Sehr geehrte Frau PrĂ€sidentin! Meine sehr verehrten Damen und Herren! Wir haben schon hĂ€ufig die Situation erlebt, dass bundespolitische Debatten hier im Landtag gefĂŒhrt werden. Diesmal ist es wieder so weit.

(Zuruf des Abg. Klaus Bartl, Linksfraktion)

Der hessische Landtagswahlkampf macht es möglich. Ich denke, dass sich die von Kollegen Koch in Hessen fahrlĂ€ssig vom Zaun gebrochene Debatte fĂŒr Stammtischdiskussionen sehr gut eignet, aber nicht zur Lösung der gesellschaftlichen Probleme im Bereich der JugendkriminalitĂ€t.

(Beifall bei der SPD – Johannes Lichdi, GRÜNE: Da haben Sie recht!)

Ich kann eine gewisse Schadenfreude nicht verbergen, wenn ich sehe, dass Kollege Koch den Bogen wohl so weit ĂŒberspannt hat, dass er am Sonntag ernsthaft um seine Mehrheit fĂŒrchten muss.

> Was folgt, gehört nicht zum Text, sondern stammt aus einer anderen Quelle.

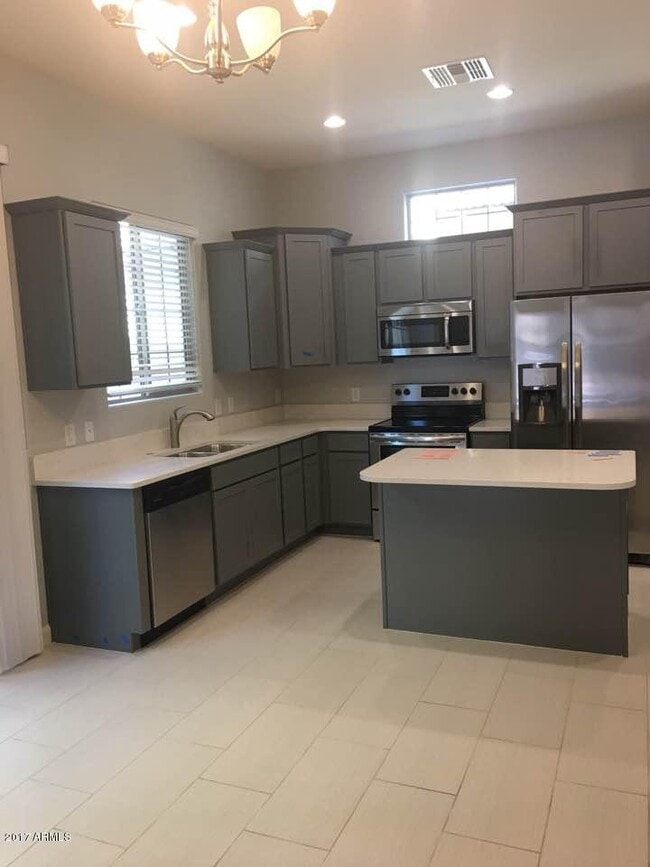 Building Photo - 1367 S Country Club Dr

(Beifall bei der Linksfraktion und den GRÜNEN – Elke Herrmann, GRÜNE, steht am Mikrofon.)

Das ist Hessen – wir sind hier in Sachsen. In Sachsen ist kein Landtagswahlkampf.

(Heiterkeit bei der Linksfraktion, der FDP und den GRÜNEN)

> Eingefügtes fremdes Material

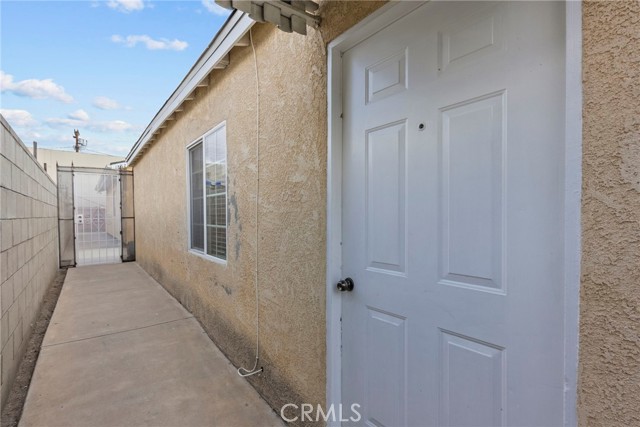 Detail Gallery Image 25 of 43 For 18621 Bryant St, Northridge,  CA 91324 - 4 Beds | 2 Baths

Die nĂ€chste Wahl ist im Herbst 2009. Bis dahin arbeitet diese Koalition zuverlĂ€ssig weiter. Davon bin ich ĂŒberzeugt.

(Beifall des Staatsministers Geert Mackenroth)

Gestatten Sie eine Zwischenfrage, Herr BrÀunig?

Ja. Ich habe zwar noch nicht richtig angefangen, aber bitte.

Herr Kollege, Sie haben gesagt, dass wir hier eine bundespolitische Debatte fĂŒhren. Können Sie zur Kenntnis nehmen, dass sich unser Antrag ausschließlich auf zwei Projekte bezieht, die beide in Sachsen beheimatet sind?

Das nehme ich gerne zur Kenntnis, Frau Herrmann. Ich stimme Ihnen zu.

Kommen wir zum Thema. FĂŒr meine Fraktion und auch fĂŒr die SPD als Partei steht fest: JugendkriminalitĂ€t muss genauso hart bekĂ€mpft werden wie ihre Ursachen, möglichst bevor es zu kriminellen Übergriffen kommt.

(Beifall bei der SPD, der Linksfraktion und den GRÜNEN)

Gegen jugendliche GewalttĂ€ter bietet das Gesetz schon heute harte Möglichkeiten, um erzieherisch und strafrechtlich Gewalttaten Einhalt zu gebieten. Der Warnschussarrest zum Beispiel steht schon lange im Gesetz. Auch das Fahrverbot ist schon heute als Weisung nach Jugendgerichtsgesetz möglich. Ich bin der festen Überzeugung, dass die bereits jetzt bestehenden Möglichkeiten, kriminelle Taten junger Menschen zu bestrafen, ausreichend sind, meine sehr verehrten Damen und Herren.